Aus dem scheinbar unauflöslichen Gegensatz zwischen den Besitzenden und den Besitzlosen in der Gesellschaft seiner Zeit entwickelte Büchner Maßstäbe für ein radikales Umdenken. Geprägt durch seine intensive Beschäftigung mit der französischen Revolution, erkannte er das objektive Wirken eines „ehernen Gesetzes“ (Brief an seine Braut Minna Jaeglé aus Gießen im Januar 1834; BW 30), nach dem die Geschichte als unaufhaltsamer, zwangsläufiger Prozess abläuft, der vom Einzelnen nicht beeinflusst werden kann. Mit dieser deterministischen Geschichtsauffassung setzte er sich zugleich in scharfen Gegensatz zu einem idealistischen Geschichtsoptimismus, demzufolge die Geschichte (gemäß der Figur des Schillerschen Wallenstein) von einzigartigen, genialen Persönlichkeiten mit überragenden Eigenschaften und Fähigkeiten gestaltet wird. [1] Obwohl dieser Brief deutliche Züge einer fatalistisch gestimmten, resignativen Haltung in Bezug auf den Ablauf geschichtlicher Prozesse aufweist, war Büchner von einem revolutionären Veränderungswillen beseelt. Er wurde nicht müde, die seiner Meinung nach unmenschliche Kehrseite der Wirklichkeit als Irrweg anzuprangern [2] und für die von ihm als absolut notwendig erkannte Veränderung gesellschaftlicher Verhältnisse zu kämpfen. Sein Standort war auf der Seite der Besitzlosen, der Ausgebeuteten und Unterdrückten, d. h. des einfachen Volkes, dem er durch sein Schreiben und Agitieren Stimme verleihen und das er in seinem Selbstbehauptungswillen stärken wollte.

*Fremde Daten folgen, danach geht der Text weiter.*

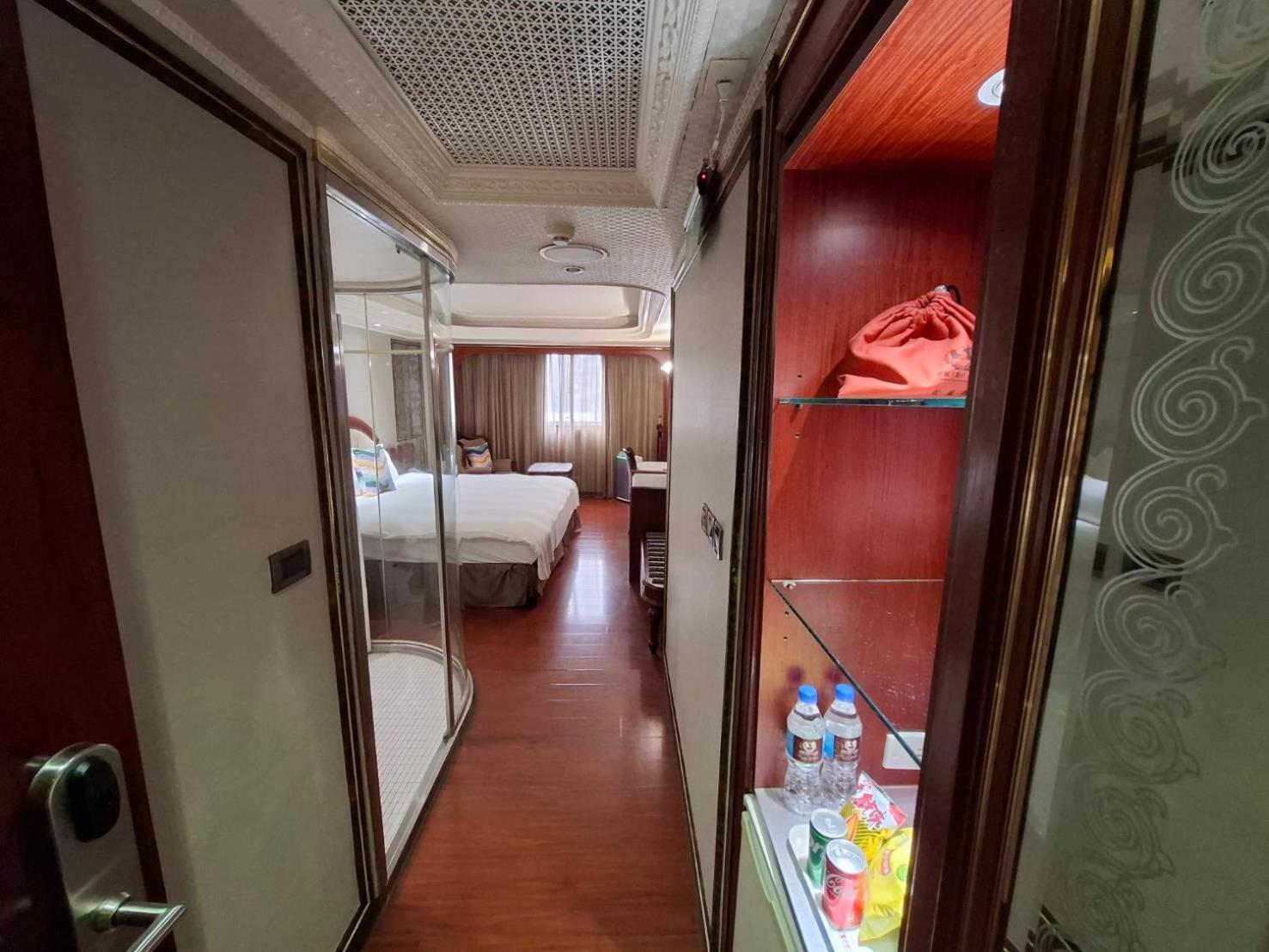Happiness Hotel Тайпей Екстериор снимка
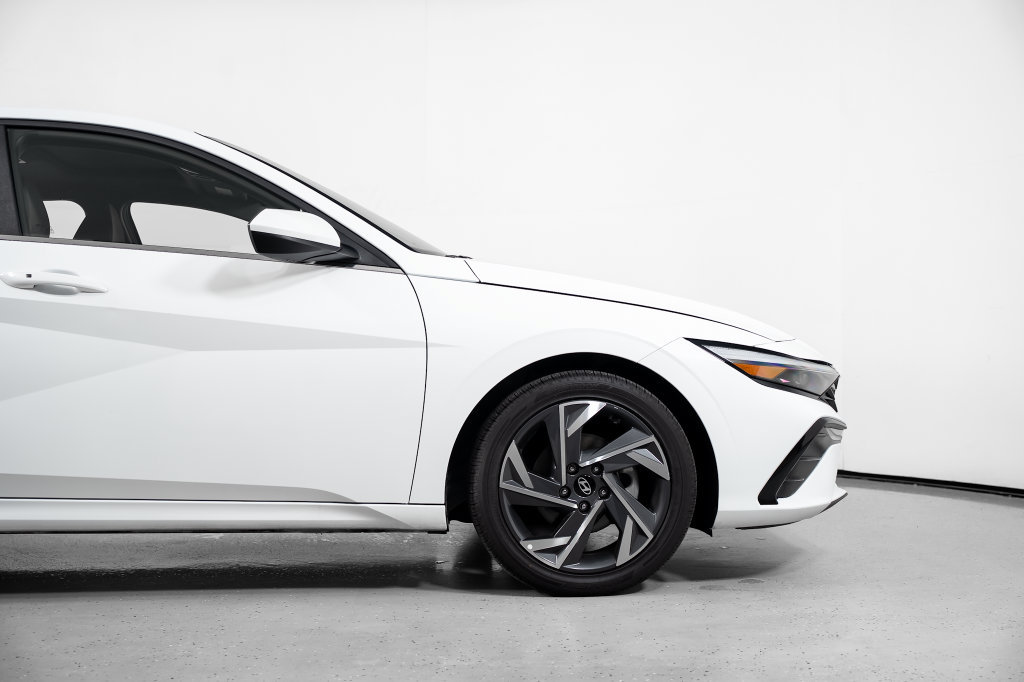 Certified 2025 Hyundai Elantra SEL FWD image 4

Die politischen Verhältnisse in Deutschland

In Deutschland waren die Verhältnisse keineswegs besser. Auch hier setzten sich restaurative Maßnahmen in der Politik durch. Im 1815 gegründeten Deutschen Bund wurden rund zehn Jahre nach dem Zerfall des Heiligen Römischen Reiches 39 Einzelstaaten zusammengefasst, die durch 35 Fürsten im Frankfurter Bundestag vertreten waren. Die politische Zersplitterung innerhalb Deutschlands blieb somit weiterhin bestehen. Im gleichen Jahr schlossen sich die Monarchen Russlands, Österreichs und Preußens zur „Heiligen Allianz“ zusammen mit dem Ziel, nationale und freiheitliche Bestrebungen im Volk zu unterdrücken und die neu geschaffene Ordnung gegen revolutionäre Aufstände zu schützen. Auf ihrem Wartburgfest versammelten sich 1817 deutsche Studenten unter dem Wahlspruch “Ehre, Freiheit, Vaterland“ und vereinigten sich im Jahr darauf zur Deutschen Burschenschaft. Der politisch motivierte Mord eines Studenten an August von Kotzebue im März 1819 lieferte dem österreichischen Außenminister und Staatskanzler Fürst Metternich einen willkommenen Vorwand, um mit den Karlsbader Beschlüssen vom August 1819 scharfe Maßnahmen gegen nationale und liberale Bewegungen – insbesondere innerhalb der Studentenschaft – zu ergreifen.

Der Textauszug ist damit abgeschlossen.